C-BerryTrans : A C++ code for first-principles calculation of Berry-curvature-driven anomalous Hall and Nernst conductivities
Description
We present C-BerryTrans, a C++ code designed for first-principles calculations of Berry-curvature-driven transverse transport properties, namely the anomalous Hall conductivity (AHC) i.e., σ_{μν}^{AHC} and anomalous Nernst conductivity (ANC) i.e., α_{μν}^{ANC}. The code directly extracts eigenvalues and momentum-matrix elements from WIEN2k calculations and evaluates the Berry curvature (Ω) using a Kubo-like formalism, thereby avoiding the interpolation errors inherent in Wannier-based approaches. To ensure computational efficiency, C-BerryTrans parallelizes Ω evaluation over k-points using OpenMP and stores band-resolved curvature data in binary format, significantly reducing memory usage. This design enables rapid post-processing of AHC and ANC over a wide range of temperature (T) and chemical potential (ω) values in a single run. The code has been benchmarked on well-studied ferromagnetic materials- Fe, Fe3Ge, Pd, Fe3Al, and Co2FeAl. For Fe, the σ_{xy}^{AHC} is obtained to be ∼ 775 ( ∼ 744) S/cm at 0 (300) K. In case of Fe3Ge, the calculated value of σ_{xy}^{AHC} is found to be 311 S/cm at 300 K. Nextly, for Co2FeAl, the magnitude of computed value of σ_{xy}^{AHC} at 2 K is found to be ∼ 56 S/cm.

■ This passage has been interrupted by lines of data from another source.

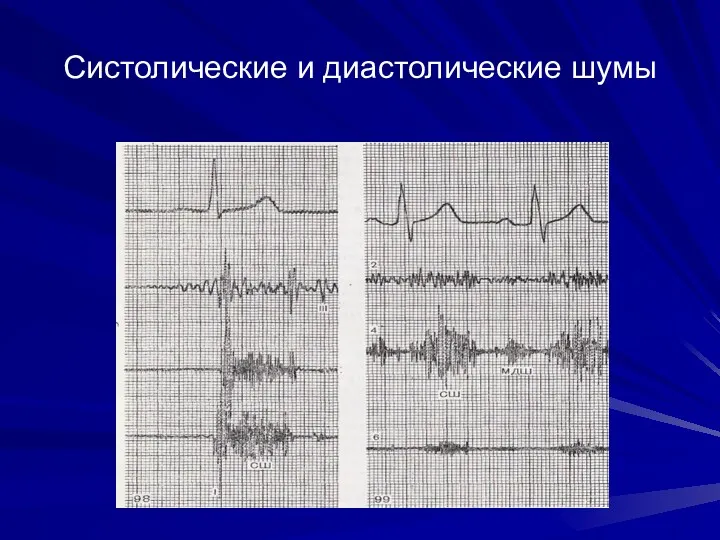 Систолические и диастолические шумы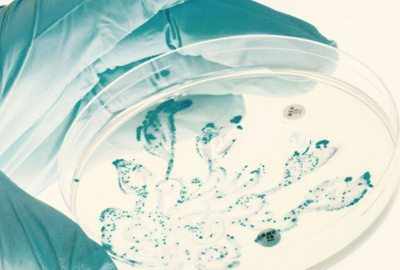 Bacteria on a Petri Dish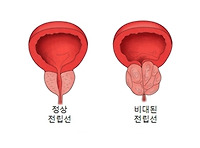 전립선비대증 증상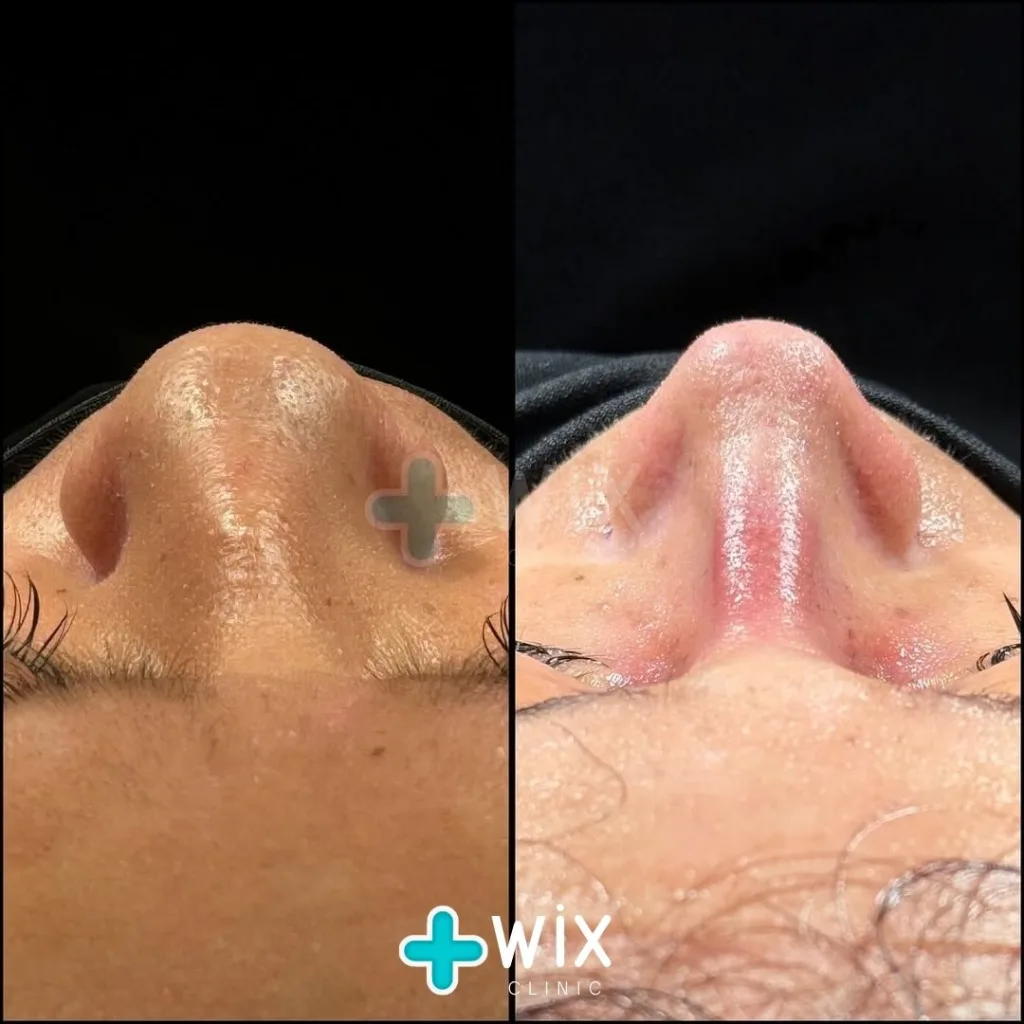 Rhinoplasty Before and After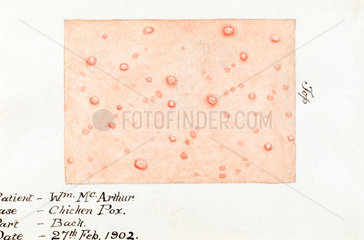 Watercolour of the skin disease chickenpox  27 February 1902.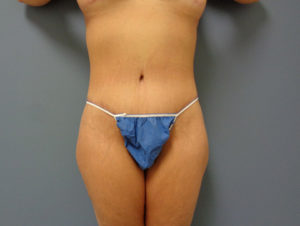 Tummy Tuck Before & After Pictures Nashville, TN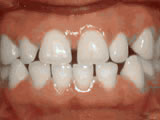Spacing of the teeth, before treatment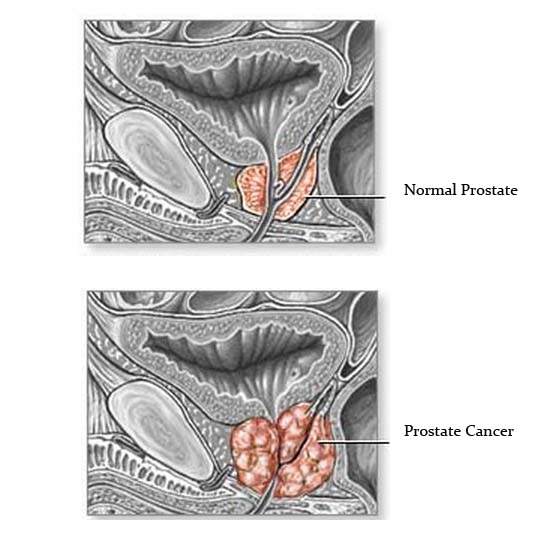 details info on Prostate cancer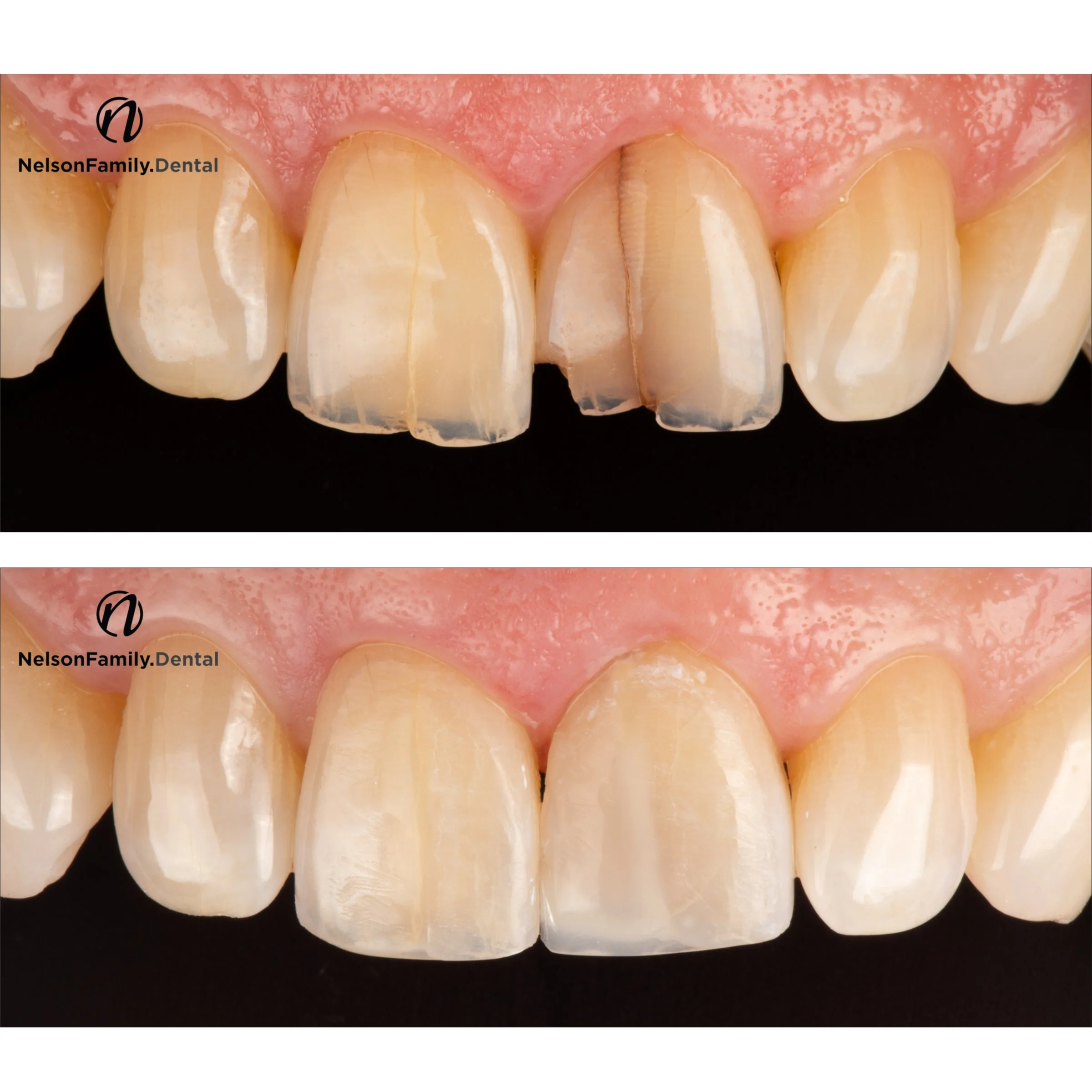 Stained Fracture Lines 8 and 9 before and after.jpg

Moving further, the room temperature magnitude of α_{xy}^{ANC} for Pd is obtained to be ∼ 0.97 AK^{-1}m^{-1}. In case of Fe3Al, the maximum magnitude of α_{xy}^{ANC} for T ≤ 500 K is computed as ∼ 2.83 AK^{-1}m^{-1}. Lastly, for Co2FeAl, the value of α_{xy}^{ANC} is obtained to be ∼ 0.10 AK^{-1}m^{-1} at 300 K. These results show excellent agreement with previously reported data. With its accuracy, scalability, and user-friendly workflow, C-BerryTrans provides a powerful tool for exploring Ω-driven transport phenomena and is well suited for high-throughput materials discovery. The code further enables the evaluation of Ω-derived AHC/ANC contributions along user-defined high-symmetry k-point paths. This provides valuable microscopic insight into how specific band-structure features contribute to Ω-driven AHC/ANC. Additionally, the code is equipped with a visualization module that allows analysis of k-point contributions to AHC or ANC in any material. This further enhances its capability for exploring topological materials.